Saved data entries
○ ○ ○ ○ ○ ○ ○

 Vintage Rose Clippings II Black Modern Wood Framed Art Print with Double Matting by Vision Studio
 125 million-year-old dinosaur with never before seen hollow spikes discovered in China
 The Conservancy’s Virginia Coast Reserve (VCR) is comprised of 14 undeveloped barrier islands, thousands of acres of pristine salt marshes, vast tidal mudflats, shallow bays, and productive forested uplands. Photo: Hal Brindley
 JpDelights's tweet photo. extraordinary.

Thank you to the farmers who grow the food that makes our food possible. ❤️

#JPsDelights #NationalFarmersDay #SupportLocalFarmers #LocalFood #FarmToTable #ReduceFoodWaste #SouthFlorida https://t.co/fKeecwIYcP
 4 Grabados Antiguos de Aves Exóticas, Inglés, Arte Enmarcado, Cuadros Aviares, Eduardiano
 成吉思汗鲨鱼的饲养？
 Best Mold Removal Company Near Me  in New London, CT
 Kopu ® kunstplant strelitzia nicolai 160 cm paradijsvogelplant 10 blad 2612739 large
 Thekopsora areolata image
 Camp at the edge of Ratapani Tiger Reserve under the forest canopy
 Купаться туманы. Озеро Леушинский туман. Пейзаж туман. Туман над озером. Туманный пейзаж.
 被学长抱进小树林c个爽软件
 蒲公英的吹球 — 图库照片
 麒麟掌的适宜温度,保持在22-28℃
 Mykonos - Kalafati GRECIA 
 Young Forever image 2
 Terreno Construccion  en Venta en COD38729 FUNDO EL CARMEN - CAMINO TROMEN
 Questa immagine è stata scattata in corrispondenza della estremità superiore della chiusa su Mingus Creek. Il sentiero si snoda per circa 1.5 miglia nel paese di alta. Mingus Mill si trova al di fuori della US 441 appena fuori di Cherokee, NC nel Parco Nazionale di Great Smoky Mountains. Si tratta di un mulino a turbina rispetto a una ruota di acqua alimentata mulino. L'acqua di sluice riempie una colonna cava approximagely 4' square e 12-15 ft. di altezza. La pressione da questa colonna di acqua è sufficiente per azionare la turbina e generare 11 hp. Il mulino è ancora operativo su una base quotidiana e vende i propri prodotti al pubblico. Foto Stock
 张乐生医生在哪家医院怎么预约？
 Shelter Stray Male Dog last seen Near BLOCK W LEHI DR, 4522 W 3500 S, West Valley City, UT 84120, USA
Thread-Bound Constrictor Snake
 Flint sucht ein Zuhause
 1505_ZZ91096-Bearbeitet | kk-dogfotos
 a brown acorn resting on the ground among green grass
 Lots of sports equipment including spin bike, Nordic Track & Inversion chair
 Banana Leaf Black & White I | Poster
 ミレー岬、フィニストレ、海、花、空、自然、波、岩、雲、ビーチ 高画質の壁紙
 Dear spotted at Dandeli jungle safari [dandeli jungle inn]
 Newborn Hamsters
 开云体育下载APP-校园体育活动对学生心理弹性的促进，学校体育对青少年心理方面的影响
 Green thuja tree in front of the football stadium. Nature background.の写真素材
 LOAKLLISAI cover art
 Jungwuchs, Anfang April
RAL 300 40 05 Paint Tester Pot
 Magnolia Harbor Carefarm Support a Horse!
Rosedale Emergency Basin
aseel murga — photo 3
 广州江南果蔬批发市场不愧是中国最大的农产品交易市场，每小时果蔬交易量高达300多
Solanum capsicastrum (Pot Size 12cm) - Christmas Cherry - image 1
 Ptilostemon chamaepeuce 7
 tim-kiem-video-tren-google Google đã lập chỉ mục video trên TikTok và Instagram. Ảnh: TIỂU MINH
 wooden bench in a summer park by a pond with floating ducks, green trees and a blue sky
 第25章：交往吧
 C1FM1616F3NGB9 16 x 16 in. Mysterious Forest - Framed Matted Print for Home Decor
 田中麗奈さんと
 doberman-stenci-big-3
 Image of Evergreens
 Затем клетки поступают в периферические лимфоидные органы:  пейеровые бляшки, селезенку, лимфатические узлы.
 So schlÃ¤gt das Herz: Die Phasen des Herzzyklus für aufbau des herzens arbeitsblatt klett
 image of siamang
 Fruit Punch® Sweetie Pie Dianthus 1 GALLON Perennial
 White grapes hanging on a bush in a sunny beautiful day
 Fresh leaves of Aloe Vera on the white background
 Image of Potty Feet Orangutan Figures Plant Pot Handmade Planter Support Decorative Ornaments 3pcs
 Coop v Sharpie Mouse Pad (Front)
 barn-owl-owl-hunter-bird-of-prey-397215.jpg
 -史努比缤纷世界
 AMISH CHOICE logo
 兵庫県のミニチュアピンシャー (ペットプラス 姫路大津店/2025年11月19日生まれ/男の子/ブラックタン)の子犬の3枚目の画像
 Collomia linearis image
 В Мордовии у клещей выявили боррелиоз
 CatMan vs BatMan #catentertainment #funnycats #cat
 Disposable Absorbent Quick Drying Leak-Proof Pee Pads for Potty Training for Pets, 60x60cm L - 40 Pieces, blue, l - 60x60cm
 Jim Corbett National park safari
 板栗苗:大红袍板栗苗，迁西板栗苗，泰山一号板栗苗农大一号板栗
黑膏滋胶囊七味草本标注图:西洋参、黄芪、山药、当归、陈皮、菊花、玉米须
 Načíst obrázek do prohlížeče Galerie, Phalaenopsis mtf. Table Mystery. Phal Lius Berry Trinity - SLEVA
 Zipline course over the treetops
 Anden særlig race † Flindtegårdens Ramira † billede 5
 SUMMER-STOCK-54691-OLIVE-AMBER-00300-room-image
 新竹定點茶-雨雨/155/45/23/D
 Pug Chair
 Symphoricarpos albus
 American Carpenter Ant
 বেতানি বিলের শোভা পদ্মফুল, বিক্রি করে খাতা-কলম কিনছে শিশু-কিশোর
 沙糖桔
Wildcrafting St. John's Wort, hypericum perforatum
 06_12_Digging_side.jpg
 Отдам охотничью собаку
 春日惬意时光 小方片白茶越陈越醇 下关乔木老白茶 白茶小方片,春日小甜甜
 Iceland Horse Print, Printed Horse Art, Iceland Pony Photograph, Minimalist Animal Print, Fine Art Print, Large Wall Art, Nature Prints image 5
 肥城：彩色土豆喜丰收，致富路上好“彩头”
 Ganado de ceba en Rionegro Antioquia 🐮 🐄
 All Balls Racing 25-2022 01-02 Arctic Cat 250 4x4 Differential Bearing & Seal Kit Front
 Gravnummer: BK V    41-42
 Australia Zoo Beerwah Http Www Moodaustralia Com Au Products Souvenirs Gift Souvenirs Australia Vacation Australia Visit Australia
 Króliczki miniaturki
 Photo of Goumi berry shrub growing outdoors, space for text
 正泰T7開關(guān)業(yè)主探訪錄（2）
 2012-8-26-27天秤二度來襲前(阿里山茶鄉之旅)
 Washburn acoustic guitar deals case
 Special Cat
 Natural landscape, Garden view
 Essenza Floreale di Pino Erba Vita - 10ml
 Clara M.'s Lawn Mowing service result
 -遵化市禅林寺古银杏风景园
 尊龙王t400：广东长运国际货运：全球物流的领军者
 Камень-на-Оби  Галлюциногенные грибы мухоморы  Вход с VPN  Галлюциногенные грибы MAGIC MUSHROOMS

○ ○ ○ ○ ○ ○ ○

**WHAT IS REQUIRED**
The answer must consist of every line from the data that contains the word "blue".

**ANSWER FOR THE TASK**
 wooden bench in a summer park by a pond with floating ducks, green trees and a blue sky
 Disposable Absorbent Quick Drying Leak-Proof Pee Pads for Potty Training for Pets, 60x60cm L - 40 Pieces, blue, l - 60x60cm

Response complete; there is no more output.